Filter out every line below that lacks "Navy", and copy the rest.

Source records Start Marker

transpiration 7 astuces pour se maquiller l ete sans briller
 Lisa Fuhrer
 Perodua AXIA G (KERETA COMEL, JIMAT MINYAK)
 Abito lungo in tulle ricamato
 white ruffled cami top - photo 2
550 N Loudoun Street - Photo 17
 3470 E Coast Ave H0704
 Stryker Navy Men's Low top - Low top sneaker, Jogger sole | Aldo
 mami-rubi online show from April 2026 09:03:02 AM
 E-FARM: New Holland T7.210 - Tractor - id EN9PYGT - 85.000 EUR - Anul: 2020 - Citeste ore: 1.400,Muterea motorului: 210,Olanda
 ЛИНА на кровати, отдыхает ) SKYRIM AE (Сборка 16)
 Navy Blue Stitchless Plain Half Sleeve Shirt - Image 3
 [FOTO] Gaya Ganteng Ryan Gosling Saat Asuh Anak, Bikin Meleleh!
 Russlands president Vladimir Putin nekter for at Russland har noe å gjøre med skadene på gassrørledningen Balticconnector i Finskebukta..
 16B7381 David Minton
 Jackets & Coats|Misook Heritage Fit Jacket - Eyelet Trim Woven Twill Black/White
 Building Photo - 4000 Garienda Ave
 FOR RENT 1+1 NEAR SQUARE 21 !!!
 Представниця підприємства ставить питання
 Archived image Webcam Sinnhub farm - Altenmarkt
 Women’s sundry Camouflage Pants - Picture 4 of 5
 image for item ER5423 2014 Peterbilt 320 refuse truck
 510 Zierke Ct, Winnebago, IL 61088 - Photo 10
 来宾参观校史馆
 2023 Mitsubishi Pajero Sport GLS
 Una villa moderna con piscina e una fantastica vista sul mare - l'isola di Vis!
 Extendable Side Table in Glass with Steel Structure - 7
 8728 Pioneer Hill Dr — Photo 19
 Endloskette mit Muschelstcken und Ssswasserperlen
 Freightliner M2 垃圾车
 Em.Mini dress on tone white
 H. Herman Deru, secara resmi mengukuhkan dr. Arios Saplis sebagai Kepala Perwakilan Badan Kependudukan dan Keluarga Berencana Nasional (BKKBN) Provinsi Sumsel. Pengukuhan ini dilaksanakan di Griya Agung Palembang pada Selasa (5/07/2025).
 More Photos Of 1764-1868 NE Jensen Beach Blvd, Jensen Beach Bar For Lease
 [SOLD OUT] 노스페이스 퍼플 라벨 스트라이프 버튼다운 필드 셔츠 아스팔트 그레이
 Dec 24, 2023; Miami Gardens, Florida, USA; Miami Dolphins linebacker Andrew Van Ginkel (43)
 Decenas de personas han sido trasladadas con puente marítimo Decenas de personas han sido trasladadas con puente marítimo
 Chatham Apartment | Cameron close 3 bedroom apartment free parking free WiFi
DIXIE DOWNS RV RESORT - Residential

Source records End Marker

Response for this exercise:
 Stryker Navy Men's Low top - Low top sneaker, Jogger sole | Aldo
 Navy Blue Stitchless Plain Half Sleeve Shirt - Image 3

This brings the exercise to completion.